This is the mail archive of the
gcc@gcc.gnu.org
mailing list for the GCC project.
Re: Git conversion: fixing email addresses from ChangeLog files
- From: Joseph Myers <jsm at polyomino dot org dot uk>
- To: "Richard Earnshaw (lists)" <Richard dot Earnshaw at arm dot com>
- Cc: Jakub Jelinek <jakub at redhat dot com>, gcc at gcc dot gnu dot org
- Date: Sat, 28 Dec 2019 17:14:53 +0000 (UTC)
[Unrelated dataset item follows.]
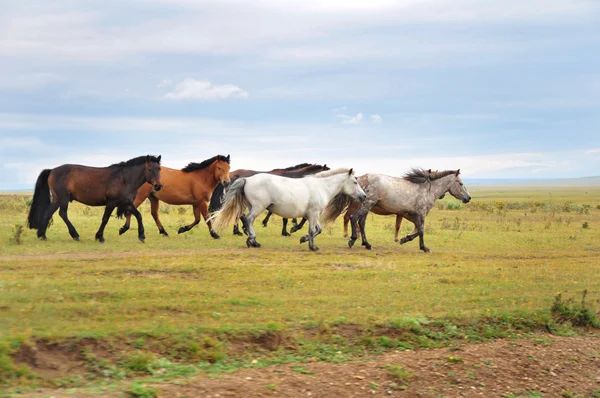 Стадо лошадей скачет по зеленой траве — стоковое фото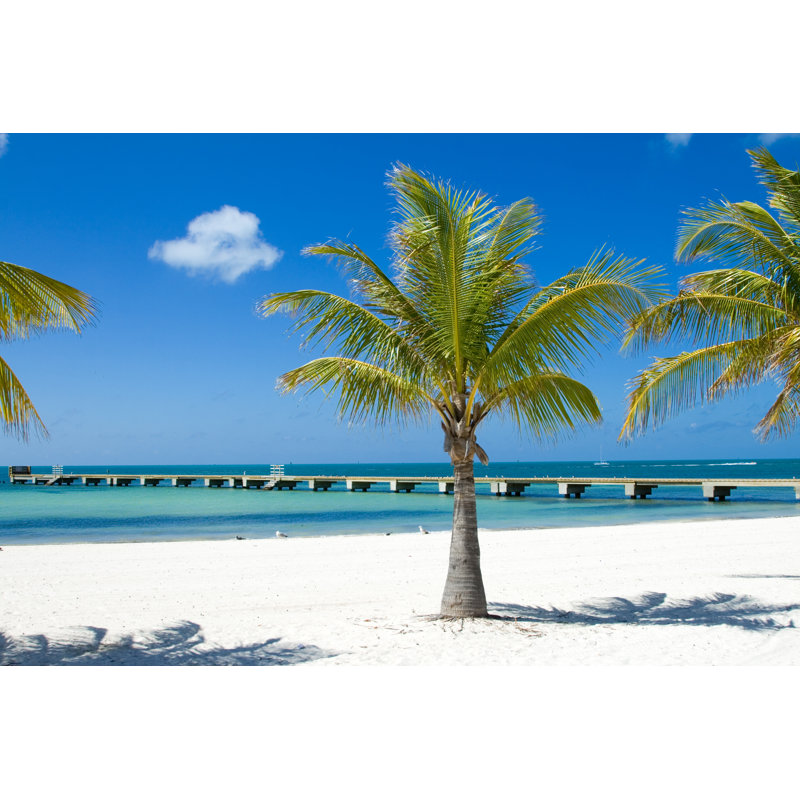 Palm trees on the beach, 61cm H x 91cm W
- Subject: Re: Git conversion: fixing email addresses from ChangeLog files
- References: <c23ff406-c3af-52c8-5c1e-4c921790389f@arm.com> <20191228120427.GQ10088@tucnak> <8aea9992-b24e-8e31-d515-a55fb45639e0@arm.com>
On Sat, 28 Dec 2019, Richard Earnshaw (lists) wrote:
> My suggestion would be that we try to canonicalize all the author
> entries to UTF-8 as that avoids the limitations of ISO-8859-1, but that
> would probably need further fixups to detect the additional names that
> need rewriting.
What I've implemented in bugdb.py already includes converting ISO-8859-1
to UTF-8 (in any case where the author name is not valid UTF-8 - a general
property of text encodings is that if something is valid UTF-8, it almost
certainly is already encoded in ASCII or UTF-8 already), with special
handling of NBSP and with fixups for all the cases where the results of
converting ISO-8859-1 to UTF-8 looked wrong (i.e. where it looked like the
name in the original ChangeLog was not in fact UTF-8).
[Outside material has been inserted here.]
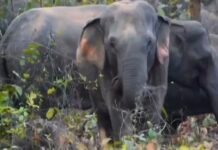 हाथी ने मंडी प्रभारी को मार डाला , पत्नी जान बचा कर भागी,पति पत्नी दोनों उपार्जन केंद्र में रहकर कर रहे थे देखरेख,वन विभाग को दी गई सूचना ,ग्रामीणों में दहशत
I've also now made bugdb.py check the list of fixups both before and after
recoding (which may help in some cases where e.g. a fixup is putting a
name in canonical form, meaning such a fixup doesn't need to be given in
forms with both UTF-8 and ISO-8859-1 encodings even if the name appears
with both those encodings in the history).
Because the author extraction is based on the ChangeLog entry included in
the original commit, any subsequent commits that (wrongly or correctly)
recoded ChangeLog entries are not relevant.
--
Joseph S. Myers
jsm@polyomino.org.uk